Recovery rerun does not work in specific cases

I would like to enable recovery rerun (via spec._recovery) which seems to me to be only possible with the --task-level flag. It works for any number of tasks and any task failed when the Firework is a root node. When the firework has parents (see example below), the recovery works only when the first task has been completed and fails if the first task fails. I have found that the error below is because the Rocket.run does not write a checkpoint to the launch in that specific case.

Question 1: Is this a necessary constraint or a bug?
Question 2: Is is possible to enable recovery upon rerun for one-task fireworks? Or for many-task fireworks with failed first task? Because the directory of the first task already contains useable data that can shorten the next run of that task.

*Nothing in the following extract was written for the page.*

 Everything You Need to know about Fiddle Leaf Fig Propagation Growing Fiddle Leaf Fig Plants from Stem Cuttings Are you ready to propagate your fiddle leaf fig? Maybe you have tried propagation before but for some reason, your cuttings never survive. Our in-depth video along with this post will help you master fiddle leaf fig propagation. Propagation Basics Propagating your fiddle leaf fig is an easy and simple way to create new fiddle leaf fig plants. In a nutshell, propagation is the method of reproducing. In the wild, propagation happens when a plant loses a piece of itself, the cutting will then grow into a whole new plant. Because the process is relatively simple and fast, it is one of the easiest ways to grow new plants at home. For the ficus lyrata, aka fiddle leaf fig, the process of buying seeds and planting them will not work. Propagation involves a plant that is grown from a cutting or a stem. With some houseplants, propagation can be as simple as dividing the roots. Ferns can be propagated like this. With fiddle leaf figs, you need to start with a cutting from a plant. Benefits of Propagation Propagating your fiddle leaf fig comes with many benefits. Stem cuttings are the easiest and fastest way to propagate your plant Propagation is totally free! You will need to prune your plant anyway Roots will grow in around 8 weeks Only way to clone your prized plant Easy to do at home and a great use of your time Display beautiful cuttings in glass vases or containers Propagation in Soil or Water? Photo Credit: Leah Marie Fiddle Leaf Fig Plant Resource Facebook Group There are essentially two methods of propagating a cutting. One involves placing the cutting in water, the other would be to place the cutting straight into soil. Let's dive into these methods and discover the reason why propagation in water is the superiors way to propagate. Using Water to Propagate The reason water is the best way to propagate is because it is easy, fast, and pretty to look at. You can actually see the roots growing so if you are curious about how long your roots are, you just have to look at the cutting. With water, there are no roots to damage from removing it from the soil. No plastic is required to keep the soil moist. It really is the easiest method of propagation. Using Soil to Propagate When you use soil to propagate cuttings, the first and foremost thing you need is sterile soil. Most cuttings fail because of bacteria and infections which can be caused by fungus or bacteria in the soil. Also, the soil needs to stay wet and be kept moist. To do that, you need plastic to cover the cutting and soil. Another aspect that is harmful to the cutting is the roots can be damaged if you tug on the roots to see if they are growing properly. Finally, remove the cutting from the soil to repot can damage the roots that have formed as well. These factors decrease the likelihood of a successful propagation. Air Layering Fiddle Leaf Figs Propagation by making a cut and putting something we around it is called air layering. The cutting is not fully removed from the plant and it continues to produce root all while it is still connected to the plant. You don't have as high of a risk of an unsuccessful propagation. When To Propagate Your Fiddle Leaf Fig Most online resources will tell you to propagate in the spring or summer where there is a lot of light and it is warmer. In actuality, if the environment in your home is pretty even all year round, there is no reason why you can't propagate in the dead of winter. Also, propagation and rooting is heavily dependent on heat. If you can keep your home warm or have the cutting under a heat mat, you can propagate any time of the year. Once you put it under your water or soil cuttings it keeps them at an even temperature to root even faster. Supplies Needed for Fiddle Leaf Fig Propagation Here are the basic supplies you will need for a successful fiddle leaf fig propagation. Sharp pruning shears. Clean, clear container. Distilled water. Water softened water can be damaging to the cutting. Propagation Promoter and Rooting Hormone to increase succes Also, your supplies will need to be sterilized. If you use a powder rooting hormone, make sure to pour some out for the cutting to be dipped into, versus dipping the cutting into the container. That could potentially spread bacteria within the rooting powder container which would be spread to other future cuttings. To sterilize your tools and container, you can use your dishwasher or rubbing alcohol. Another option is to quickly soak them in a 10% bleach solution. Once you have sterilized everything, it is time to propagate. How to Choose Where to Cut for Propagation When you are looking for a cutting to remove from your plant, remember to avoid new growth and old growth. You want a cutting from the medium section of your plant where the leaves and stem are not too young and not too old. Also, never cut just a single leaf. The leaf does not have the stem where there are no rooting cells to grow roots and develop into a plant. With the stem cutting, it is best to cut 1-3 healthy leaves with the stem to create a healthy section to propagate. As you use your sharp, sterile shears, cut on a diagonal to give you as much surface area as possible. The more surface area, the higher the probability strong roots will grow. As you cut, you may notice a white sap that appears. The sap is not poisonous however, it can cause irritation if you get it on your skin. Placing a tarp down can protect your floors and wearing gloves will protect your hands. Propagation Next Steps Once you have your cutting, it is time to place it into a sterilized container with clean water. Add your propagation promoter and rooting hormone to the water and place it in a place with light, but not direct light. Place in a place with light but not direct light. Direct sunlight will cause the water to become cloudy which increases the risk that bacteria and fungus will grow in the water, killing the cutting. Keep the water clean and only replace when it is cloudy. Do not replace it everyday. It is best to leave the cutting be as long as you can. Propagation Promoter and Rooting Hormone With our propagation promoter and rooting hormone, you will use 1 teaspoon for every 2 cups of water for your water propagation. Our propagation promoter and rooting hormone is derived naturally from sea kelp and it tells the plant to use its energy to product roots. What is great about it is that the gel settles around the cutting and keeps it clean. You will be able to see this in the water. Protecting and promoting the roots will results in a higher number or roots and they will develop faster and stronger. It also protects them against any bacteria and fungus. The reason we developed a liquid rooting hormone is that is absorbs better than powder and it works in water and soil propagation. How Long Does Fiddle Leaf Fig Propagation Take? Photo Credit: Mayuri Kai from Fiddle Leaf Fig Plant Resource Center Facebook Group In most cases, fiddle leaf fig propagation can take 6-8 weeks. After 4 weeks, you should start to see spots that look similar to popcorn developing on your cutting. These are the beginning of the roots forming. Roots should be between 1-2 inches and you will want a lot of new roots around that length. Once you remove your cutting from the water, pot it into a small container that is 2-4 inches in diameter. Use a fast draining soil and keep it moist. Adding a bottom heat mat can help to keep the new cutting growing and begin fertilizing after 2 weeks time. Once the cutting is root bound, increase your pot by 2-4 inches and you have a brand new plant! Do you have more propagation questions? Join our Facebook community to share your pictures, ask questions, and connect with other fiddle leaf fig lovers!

In [1]: from fireworks.fw_config import LAUNCHPAD_LOC
   ...: from fireworks import LaunchPad
   ...: from fireworks import Firework, Workflow
   ...: from fireworks.user_objects.firetasks.script_task import ScriptTask, PyTask
   ...: fw_1 = Firework([ScriptTask(script='echo Hello 1')])
   ...: fw_2 = Firework([PyTask(func='time.sleep', args=[20]), ScriptTask(script='echo Hello 2')])
   ...: wf = Workflow([fw_1, fw_2], links_dict={fw_1: fw_2})
   ...: lpad = LaunchPad.from_file(LAUNCHPAD_LOC)
   ...: lpad.add_wf(wf)
Out[1]: {-2: 1, -1: 2}
$ rlaunch rapidfire
Hello 1
^CInterrupted by signal 2
Traceback (most recent call last):
  File "/mnt/data/ubuntu/work/python-3.10.12/lib/python3.10/site-packages/fireworks/core/rocket.py", line 261, in run
    m_action = t.run_task(my_spec)
  File "/mnt/data/ubuntu/work/python-3.10.12/lib/python3.10/site-packages/fireworks/user_objects/firetasks/script_task.py", line 187, in run_task
    output = func(*args, **kwargs)
  File "/mnt/data/ubuntu/work/python-3.10.12/lib/python3.10/site-packages/fireworks/scripts/rlaunch_run.py", line 45, in handle_interrupt
    sys.exit(1)
SystemExit: 1
$ lpad rerun_fws --task-level --copy-data -i 1
Traceback (most recent call last):
  File "/mnt/data/ubuntu/work/python-3.10.12/bin/lpad", line 7, in <module>
    sys.exit(lpad())
  File "/mnt/data/ubuntu/work/python-3.10.12/lib/python3.10/site-packages/fireworks/scripts/lpad_run.py", line 1578, in lpad
    args.func(args)
  File "/mnt/data/ubuntu/work/python-3.10.12/lib/python3.10/site-packages/fireworks/scripts/lpad_run.py", line 640, in rerun_fws
    lp.rerun_fw(int(fw_id), recover_launch=l_id, recover_mode=args.recover_mode)
  File "/mnt/data/ubuntu/work/python-3.10.12/lib/python3.10/site-packages/fireworks/core/launchpad.py", line 1725, in rerun_fw
    recovery = self.get_recovery(fw_id, recover_launch)
  File "/mnt/data/ubuntu/work/python-3.10.12/lib/python3.10/site-packages/fireworks/core/launchpad.py", line 1769, in get_recovery
    recovery.update(_prev_dir=launch.launch_dir, _launch_id=launch.launch_id)
AttributeError: 'NoneType' object has no attribute 'update'

Thanks for reporting this. I have not played around with this much but it seems to be a bug rather than an intended feature. If you know how to implement the fix I am happy to merge the PR and release, just let me know if that’s possible.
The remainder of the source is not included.